I wish I had more windows in my room.

Thursday, January 22, 2009

I thought the eye sticker on the bottle was winking at me

The semester has just begun, and already I feel myself losing control, patience, motivation, and determination. However here I sit, typing away and sipping a post-work beer. Today I got knocked in the head with a trash can someone was carrying over his shoulder. I was surprised that I didn't say anything, perhaps because I was just shocked that such a strange thing even happened. Then I thought that by not saying something, I was giving the impression that I didn't even care. I swore and said "I fucking hate this job." One day back, and already I'm back to my normal bitching at work. I'm tired of being nice and shit. I wish I didn't always think that I'm not right all of the time. Only a couple people at work have bitched at me, and I'm sure that they didn't care whether or not it made me hate them!

On the ride home tonight, I was going down a pretty steep hill and squeezed my back brakes (the front ones don't work) to slow down. Just then I hear a popping noise and the lever loses tension. Fortunately, they were still working and my sudden panic slowly left me. Upon arriving at the bottom of the hill I squeezed the brakes once more to take a look at the wire. There were only two wires keeping the lever and the brakes connected. Two wires saved me tonight. Otherwise, I would have had to jump off of my bike at a pretty fast speed and steep incline (I was headed right towards a four lane main road). I suppose I'll have to get two wires tattooed on me somewhere now.

"Did someone draw on you with pen?"
"No, let me tell you about this one time two wires saved me..."

Very worth it.

I'm driving home tomorrow to help my Dad move my whiny Grandmother out of town. I really can't blame her. She and her husband live in an assisted living residential building and it sucks. So they are moving to the north. Yay.
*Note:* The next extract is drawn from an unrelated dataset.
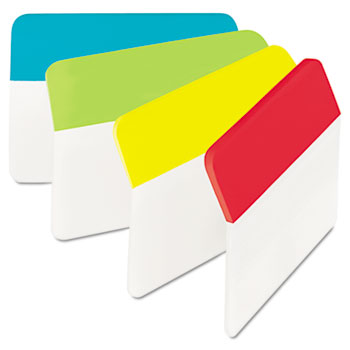 3M™ Angled Tabs, 2 x 1 1/2, Solid, Aqua/Lime/Red/Yellow, 24/Pack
Does anyone else live in a cold house? We refuse to turn on the gas because it costs too much. However we do run electric space heaters which might use up just as much energy. Either way, our house is unavoidably going to be a certain level of cold. It's cold in this house. You can see your breath.

I'm boring.

UPDATE: Today my dog opened the door into my room (which usually results in a disastrous display of stuff I like). Strange this was, she had brought an Ewok stuffed bear and Wolf hat (noun: hat which is consisted of the head of a wolf, from its ears, to its chin) onto the bed. Neither was chewed up or mangled in any way. It makes me think that she brought them up there as company or something. So interesting.